Social engineering attacks on open source developers are escalating

North Korean hackers spent weeks socially engineering an Axios maintainer through a fake Slack workspace, a cloned company identity, and a fabricated Microsoft Teams call that tricked him into installing a RAT posings as a software update. They used the access they gained to inject malware into npm packages downloaded 100+ million times a week.

Now, a fresh Open Source Security Foundation (OpenSSF) advisory warns unknown attackers are using a similar approach to target other open source developers.

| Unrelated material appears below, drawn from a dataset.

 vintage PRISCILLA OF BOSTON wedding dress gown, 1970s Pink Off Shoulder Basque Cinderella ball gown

The Axios attack was not isolated

In the wake of the high-profile Axios compromise, Socket researchers learned that the same attack campaign targeted many other open source maintainers – particularly those managing Node.js and npm – as well as several Socket engineers.

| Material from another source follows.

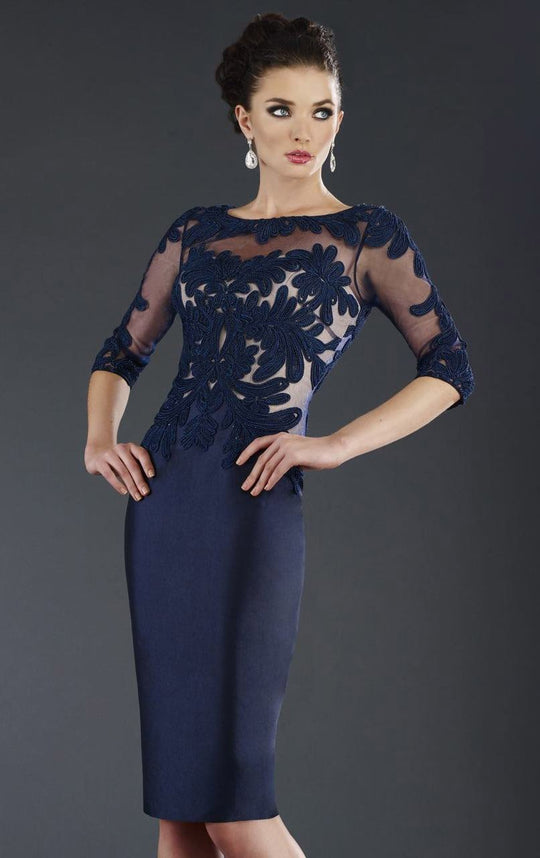 Janique - Quarter Sleeve Sheer Laced Short Dress 417 in Blue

The attackers reach out via LinkedIn or Slack, posing as company owners/representatives, job recruiters, or podcast hosts, and tried to lure developers into downloading malware masquerading as a videoconferencing software update / fix.

“The attackers used a spoofed Streamyard platform to trick Pelle Wessman, a maintainer of Mocha, into downloading a virus. Another expert, Matteo Collina, nearly fell for a Slack message on 2 April, while others like Scott Motte (creator of dotenv) and John-David Dalton (creator of Lodash) were also targeted,” Socket’s Deeba Ahmed shared.

“They even went after Socket CEO Feross Aboukhadijeh, the creator of WebTorrent and buffer, who noted that this type of targeting is becoming the ‘new normal.'”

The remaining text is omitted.